Shaker et al. stated that there was a significant difference observed between patients with CLD and healthy people with respect to AFP, who declared that one of the limitations in the use of AFP for the diagnosis of HCC is its increase in patients who have hepatitis and CLD but who do not have HCC, but found that ANXA2 levels were highly and significantly increased in patients with HCC compared with the levels in patients with CLD and in controls; however, no statistical significance was found between patients with CLD and the healthy people with respect to ANXA2 expression [24].
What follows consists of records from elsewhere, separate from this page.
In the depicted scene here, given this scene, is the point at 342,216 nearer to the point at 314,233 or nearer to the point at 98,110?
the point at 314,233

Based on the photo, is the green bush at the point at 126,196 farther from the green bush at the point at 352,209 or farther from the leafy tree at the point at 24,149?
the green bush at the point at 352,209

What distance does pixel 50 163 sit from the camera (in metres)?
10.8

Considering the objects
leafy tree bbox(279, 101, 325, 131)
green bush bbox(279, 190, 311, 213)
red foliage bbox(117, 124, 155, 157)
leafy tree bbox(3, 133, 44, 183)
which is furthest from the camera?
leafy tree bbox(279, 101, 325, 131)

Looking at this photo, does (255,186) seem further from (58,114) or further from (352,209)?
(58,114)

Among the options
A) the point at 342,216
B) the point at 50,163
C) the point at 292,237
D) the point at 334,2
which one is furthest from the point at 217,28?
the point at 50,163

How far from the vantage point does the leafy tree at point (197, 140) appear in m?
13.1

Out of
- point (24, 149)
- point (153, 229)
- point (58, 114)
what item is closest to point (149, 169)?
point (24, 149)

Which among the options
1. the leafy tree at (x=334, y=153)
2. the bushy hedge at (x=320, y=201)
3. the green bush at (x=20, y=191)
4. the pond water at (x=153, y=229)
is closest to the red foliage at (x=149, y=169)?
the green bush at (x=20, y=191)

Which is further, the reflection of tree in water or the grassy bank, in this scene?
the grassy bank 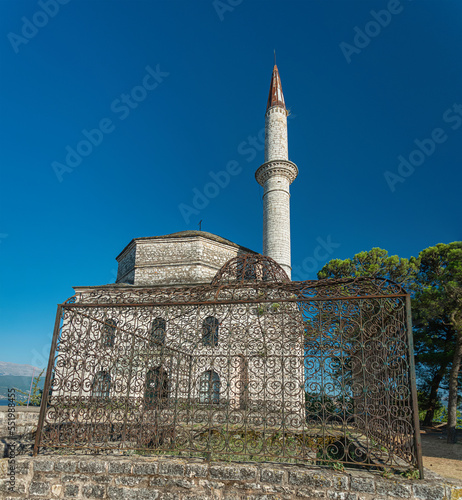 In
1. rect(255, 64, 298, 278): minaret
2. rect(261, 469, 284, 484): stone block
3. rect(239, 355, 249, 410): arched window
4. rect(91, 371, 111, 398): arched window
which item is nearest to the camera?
rect(261, 469, 284, 484): stone block

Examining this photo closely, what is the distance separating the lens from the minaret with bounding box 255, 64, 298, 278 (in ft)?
53.9

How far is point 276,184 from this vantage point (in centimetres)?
1720

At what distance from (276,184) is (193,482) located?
48.7ft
This was explained by Zhang et al. who stated that the ANXA2 gene is upregulated in HCV-associated HCC [26]. In addition, Mohammad et al. stated that ANXA2 is rarely detected in either normal or chronic hepatic tissues but is over expressed at both the mRNA and protein levels HCC [27].
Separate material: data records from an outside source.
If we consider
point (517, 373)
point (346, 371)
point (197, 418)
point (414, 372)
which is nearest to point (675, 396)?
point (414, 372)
Wang et al. stated that, one of the possible mechanisms explaining the relationship between ANXA2 and HCC is promotion of HCC cell migration and invasion by ANXA2 pseudogene [28]. A recent study done by Lou et al. who reported that ANXA2 binds with Lung cancer associated transcript 1 (LUCAT1), which plays a key role in tumorigenesis, progression of HCC and a better therapeutic target for HCC patients. LUCAT1 inhibits the phosphorylation of ANXA2 and increase the secretion of plasminogen into plasmin [29].